Mengikuti perkembangan zaman,
tentu orang tua yang gemar bermain medsos gemar pula memperhatikan postingan
anaknya. Dari sinilah anak merasa privasinya terusik. Anak ingin berekspresi
tapi ibu sering berkomentar tentang postingan yang baru saja dibagikan.
Saya pernah ditegur ibu ketika
update status di FB.
“Kamu jangan posting yang kaya
gitu, hapus itu postingannya. Nanti dikira tukang demo..”
“Ya bu..”
Saya selalu mengiyakan perintah
ibu, meski tak selalu mematuhinya. Artinya semua postingan yang telah dibagikan
akan tetap berada di beranda timeline saya. Tentunya jika menurut saya hal itu
masih dalam batas wajar, saya tak akan beradu argumen dengan ibu.
Biasanya ibu lebih sering
komentar tentang status tulisan ketimbang foto. Ya, maklum saja saya juga
jarang posting foto. Tapi, sejak ibu punya medsos dan sering berkomentar
tentang postingan di timeline saya, tak pernah sekalipun saya kecualikan kontak
ibu. Biarlah ibu membacanya.
Saya lebih senang ibu melihat
postingan saya. Dengan begitu, tak ada beda diantara kita. Maksudnya, apa yang
saya tampilkan di kehidupan nyata, bisa ibu lihat pula di dunia maya.

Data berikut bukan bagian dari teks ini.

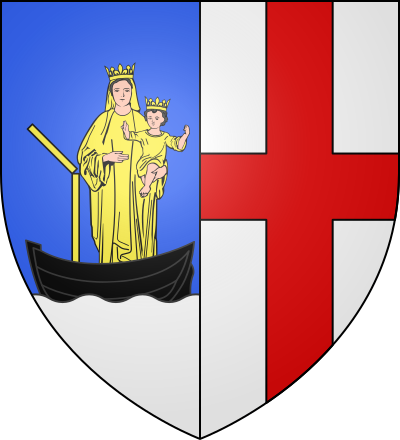 Blason de la commune Aubin-Saint-Vaast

Biarlah saya posting hal menyedihkan, bahagia, hingga kode-kode ke calon gebetan, ibu tetap membacanya. Paling-paling ibu akan bertanya. Saya tinggal jawab. Akan ada sesi obrolan ketika makan, atau ketika sedang menonton tv untuk menjelaskannya.
Biarlah saya posting hal menyedihkan, bahagia, hingga kode-kode ke calon gebetan, ibu tetap membacanya. Paling-paling ibu akan bertanya. Saya tinggal jawab. Akan ada sesi obrolan ketika makan, atau ketika sedang menonton tv untuk menjelaskannya.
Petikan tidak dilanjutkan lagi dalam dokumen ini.